== DATA SECTION

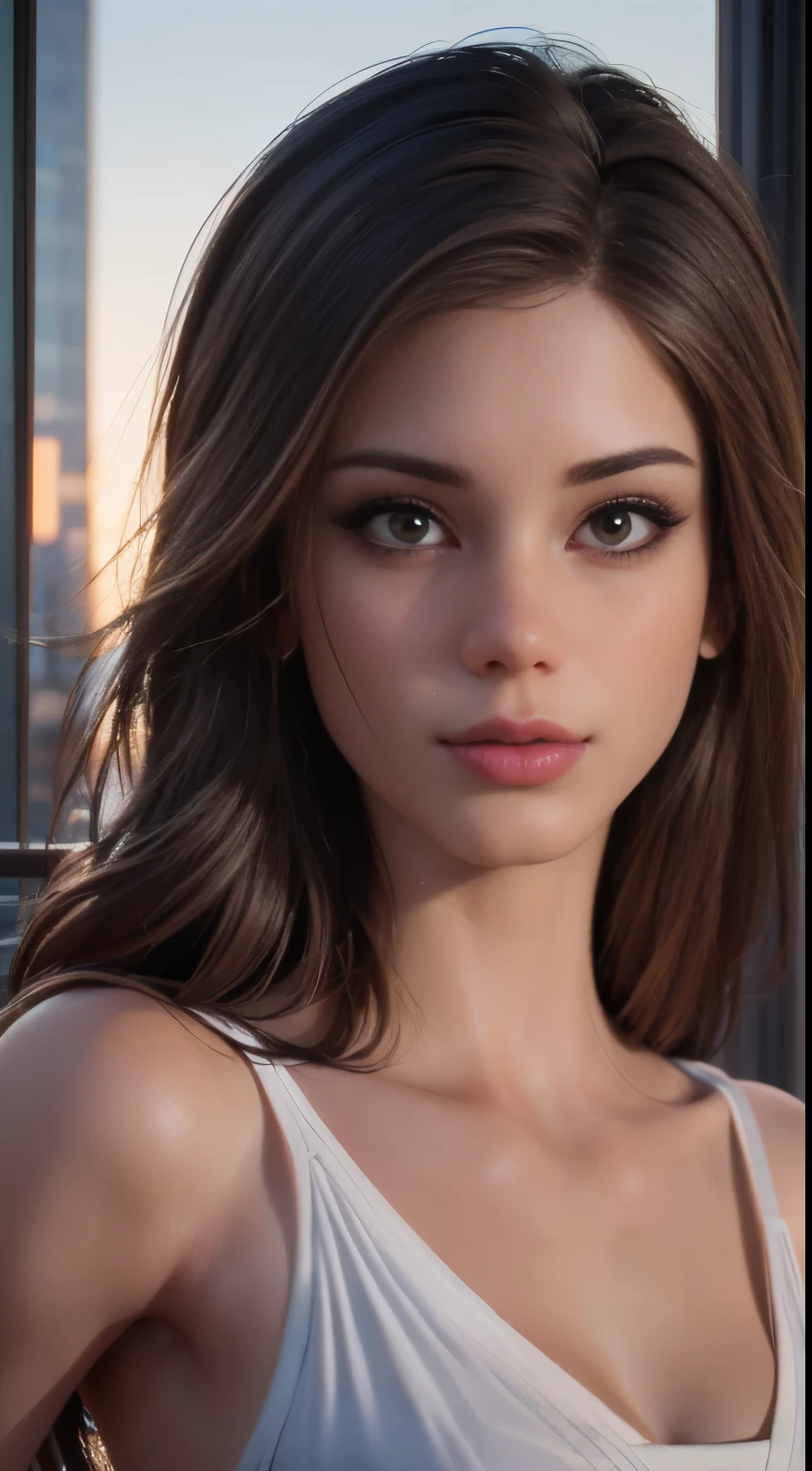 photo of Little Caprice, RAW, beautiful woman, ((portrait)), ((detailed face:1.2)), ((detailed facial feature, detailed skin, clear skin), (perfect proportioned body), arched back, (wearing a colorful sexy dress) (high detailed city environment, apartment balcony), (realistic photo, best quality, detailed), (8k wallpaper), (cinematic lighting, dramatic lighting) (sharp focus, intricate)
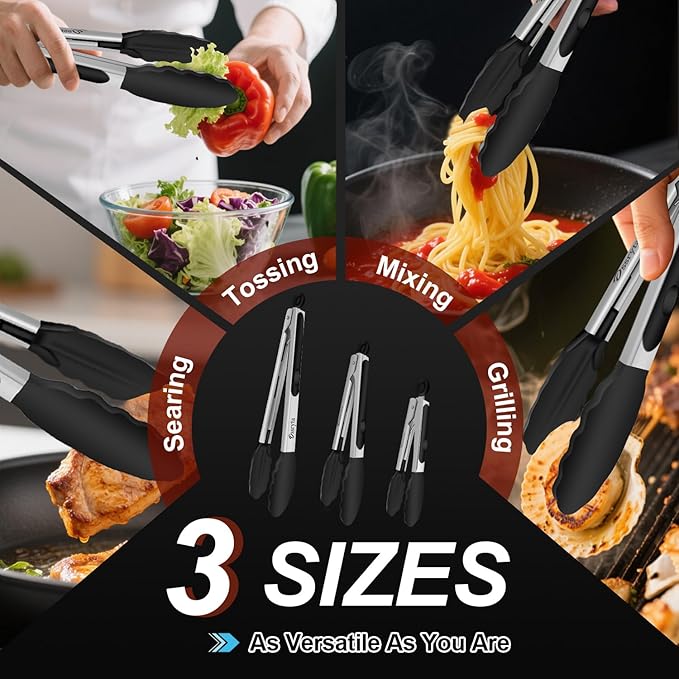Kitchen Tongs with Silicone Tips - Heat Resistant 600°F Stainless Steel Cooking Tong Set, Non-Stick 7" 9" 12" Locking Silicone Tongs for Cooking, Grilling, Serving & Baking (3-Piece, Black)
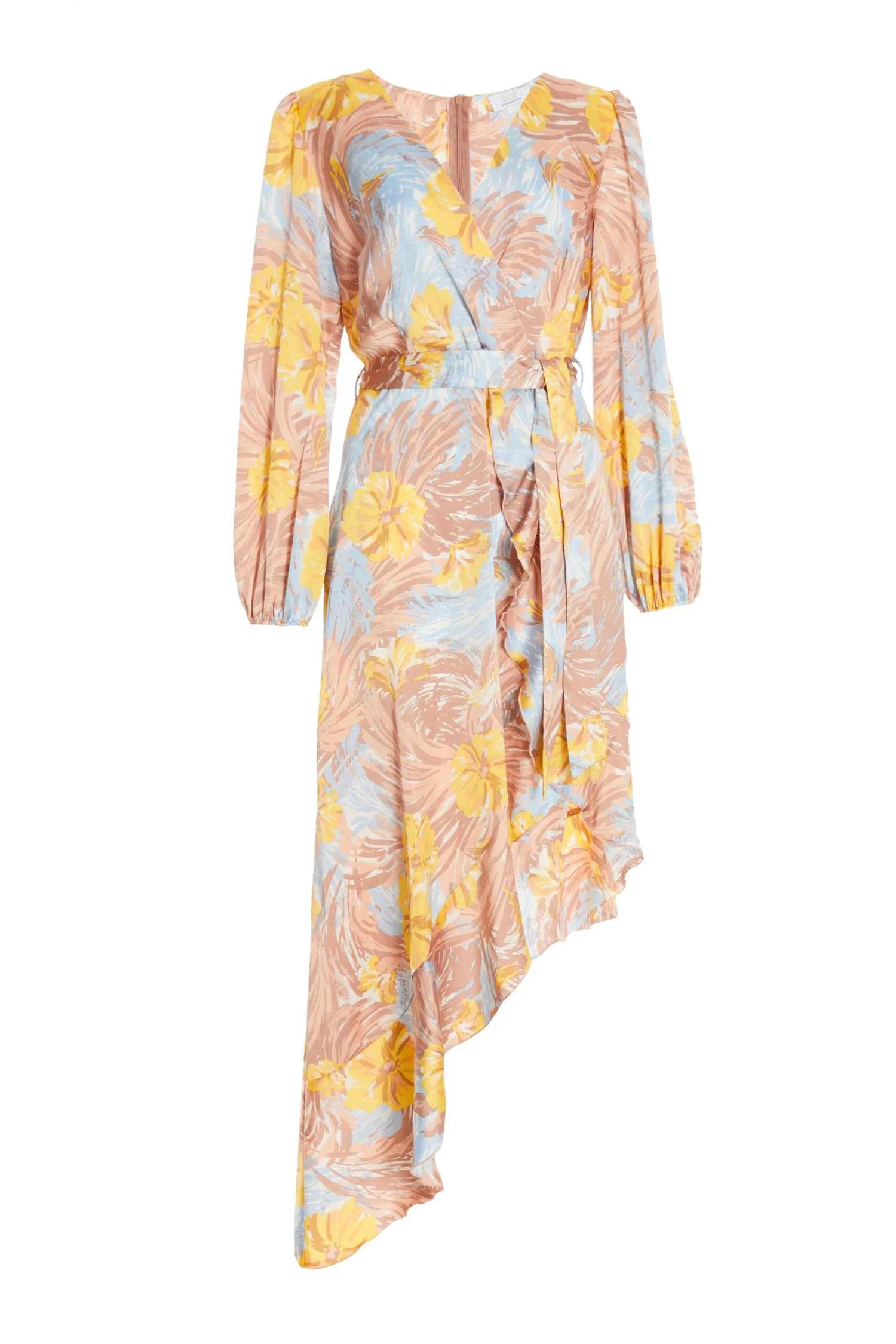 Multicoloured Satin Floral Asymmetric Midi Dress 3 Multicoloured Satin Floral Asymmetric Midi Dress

====

* _EXERCISE INSTRUCTIONS_
Leaving the pictures out, output all of the listing exactly.

* _RESPONSE TO THE TASK_
 photo of Little Caprice, RAW, beautiful woman, ((portrait)), ((detailed face:1.2)), ((detailed facial feature, detailed skin, clear skin), (perfect proportioned body), arched back, (wearing a colorful sexy dress) (high detailed city environment, apartment balcony), (realistic photo, best quality, detailed), (8k wallpaper), (cinematic lighting, dramatic lighting) (sharp focus, intricate)
Kitchen Tongs with Silicone Tips - Heat Resistant 600°F Stainless Steel Cooking Tong Set, Non-Stick 7" 9" 12" Locking Silicone Tongs for Cooking, Grilling, Serving & Baking (3-Piece, Black)
 Multicoloured Satin Floral Asymmetric Midi Dress 3 Multicoloured Satin Floral Asymmetric Midi Dress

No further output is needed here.